Dan is a Junior Researcher at Araya. He received his B.A. in Engineering Physics at Royal Institute of Technology Sweden in 2015, and his M.S. in Robotics at 2018. He has previously worked at Telexistence Inc, and as a Researcher at AIST. His research interests are mainly in robotics learning, the intersection of machine learning & robotics.

Roberto Gallotta
Junior Researcher

Roberto is a Junior Researcher in Araya. He obtained his B.S. in Computer and Electronic Engineering at Università di Pavia and his M.S. in Artificial Intelligence and Robotics at La Sapienza University of Rome. His topics of interest are artificial life, evolutionary strategies and open-endedness.

Shogo Akiyama

Shogo is an Engineer at Araya. He received his B.S. in Computer Science in 2019. He has previously worked as an AI and web application engineer.
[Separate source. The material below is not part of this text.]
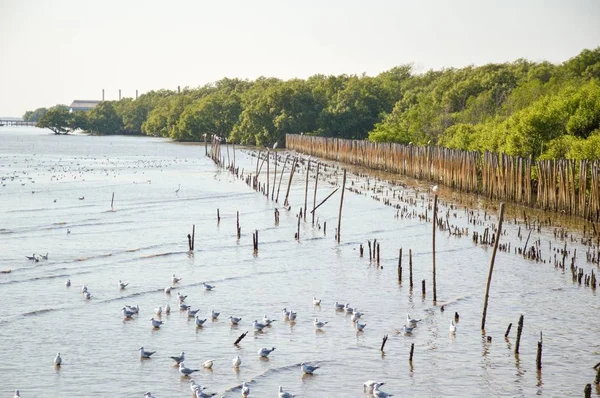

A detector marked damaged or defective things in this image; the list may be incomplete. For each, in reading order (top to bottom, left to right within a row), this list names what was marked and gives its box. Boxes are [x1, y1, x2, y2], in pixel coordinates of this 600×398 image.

broken wooden post [480, 202, 504, 330]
His research interests are reinforcement learning and natural language processing.



MineRL Competitions

Many advances in reinforcement learning have been tied to board or video games, where success can easily be measured. Unfortunately, success is hard to quantify in many tasks in the real world, like whether you can drive a car safely and efficiently to a given location. One solution is to perform imitation learning on data collected from other agents, including humans. The Diamond and Basalt MineRL competitions provide a dataset of humans performing various tasks in the Minecraft video game, from mining diamonds to building houses, and challenges participants to create AI agents that can solve these tasks too. Minecraft is a third-person, partially-observed environment, with a complex action space, and so many algorithms that work on simpler environments may not work on this domain. We are investigating robust imitation learning methods that can solve these tasks, and currently Araya has qualified for Round 2 of the Diamond competition.

Benchmarking Imitation Learning

Researchers have developed many imitation learning method over the last few years, each claiming state-of-the-art performance on various tasks. However, results can be easily influenced by factors outside of the claimed contributions of a method, such as data preprocessing, extensive hyperparameter tuning, or simply more computation. In A Pragmatic Look at Deep Imitation Learning, we broke down the contributions of many methods, and developed a unified framework for imitation learning methods, allowing us to perform a fair comparison between algorithms. We have also released an open source library for other researchers to research or apply imitation learning methods.

Diversity-based Trajectory and Goal Selection

Many tasks have a sparse reward function, i.e., the agent is only rewarded upon completing the task. This makes exploration and credit assignment difficult, as the agent does not have much signal to use. For certain tasks, a method known as Hindsight Experience Replay (HER) ameliorates this issue, by pretending that the goals that the agent achieved were actually the desired goals, and training on this rewritten data. In Diversity-based Trajectory and Goal Selection with Hindsight Experience Replay, accepted at PRICAI, we achieved state-of-the-art performance on sparse reward benchmarks by using determinantal point processes to improve the diversity of the data selected for training in HER. Our code has also been open sourced.